Die Kommunalverbände wundern sich

Sie hatten das Aus der Kreisreform gemeinsam mit Woidke eingefädelt: Mittelmark-Landrat Wolfgang Blasig (SPD) als Vorsitzender des Landkreistages und Potsdams Oberbürgermeister Jann Jakobs (SPD) als Präsident des Brandenburger Städte- und Gemeindebundes. Sie riefen am Donnerstag zur einer gemeinsamen Konferenz der Regierung mit Kreisen und kreisfreien Städte über eine neue Verwaltungsreform auf. Jakobs sagte, es sei unverständlich, dass Schröter mit den kreisfreien Städten Sondergespräche führen wolle. Das zerstörte Vertrauen werde von den Ergebnissen abhängen. Blasig warnte vor zu hohen Erwartungen: In dieser Legislaturperiode seien ohnehin keine großen Würfe mehr zu erwarten. Feste Eckpunkte für eine Funktionalreform seien erst nach der Wahl 2019 zu erwarten. Das Ziel müsse es nun sein, trotz Fachkräftemangel und rückläufiger Bevölkerungszahl die Leistungen bürgernah zu erbringen.
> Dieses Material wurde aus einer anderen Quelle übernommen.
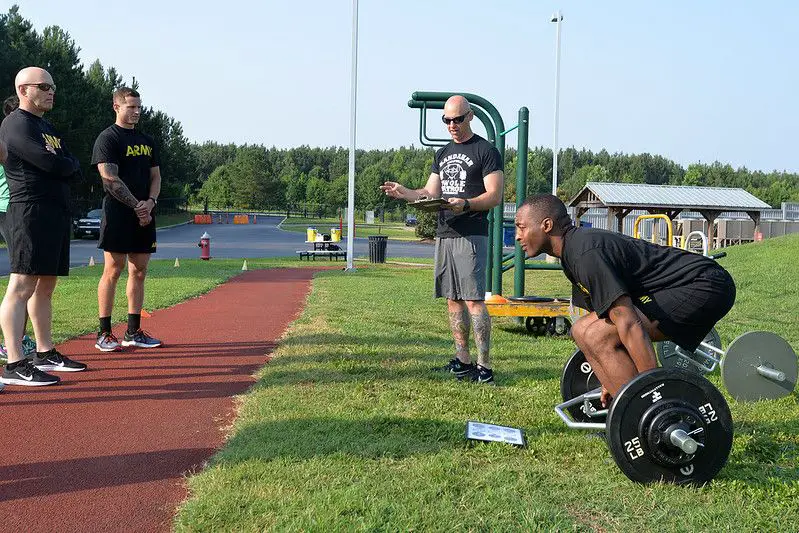 Man doing a deadlift as part of the North Carolina Natural Guard Training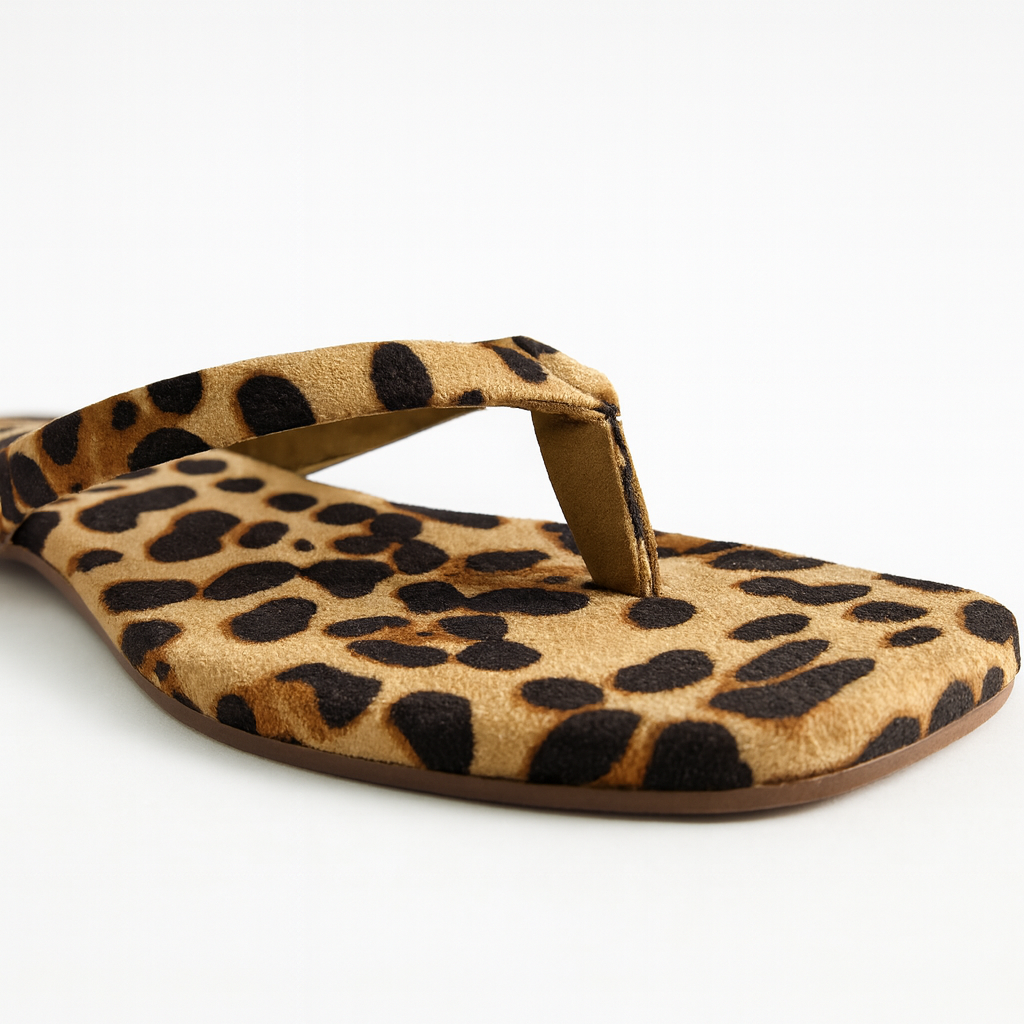 Leopard Print Flat Sandals for Women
Gesetz zur Landrätewahl angepackt

Im Sommer hatte der Landtag mit rot-roter Mehrheit für die Kreisreform per Gesetz die Amtszeiten von mehreren Landräten in Fusionskreisen – Elbe-Elster, Ostprignitz-Ruppin, Spree-Neiße, Uckermark, Oberspreewald-Lausitz und Barnim – verlängert auf die Zeit nach der Kommunalwahl 2019, die Direktwahl danach ausgesetzt. Das ist nun nicht mehr haltbar durch den Wegfall der Kreisreform – die Grundlage fehlt. Die CDU hatte rechtzeitig für das Novemberplenum eine Gesetzesnovelle zu den Amtszeiten einbracht, die den alten Zustand wiederherstellt. Rot-Rot und Innenministerium hatten die Fristen verpasst. SPD und Linke besserten nun aber noch einmal nach mit einer Übergangsvorschrift. Städte und Gemeinden mussten schriftlich angehört werden, der Innenausschuss hielt am Mittwochabend noch eine Sondersitzung ab. Am Donnerstag soll die Novelle dann beschlossen werden. Ein Beispiel: In Oberspreewald-Lausitz endet die reguläre Amtszeit von Landrat Siegurd Heinze (parteilos) bereits am 12. Februar. Weil eine Landratswahl aber 102 Tage vor dem Wahltag bekannt gegeben werden muss, Wahlvorbereitungen nötig sind, sollen er und andere Ländräte kurze Zeit länger im Amt bleiben können – für einen Übergang. Denn die Wahl eines neuen Landrats muss in den letzten fünf Amtsmonaten der amtierenden Landräte stattfinden.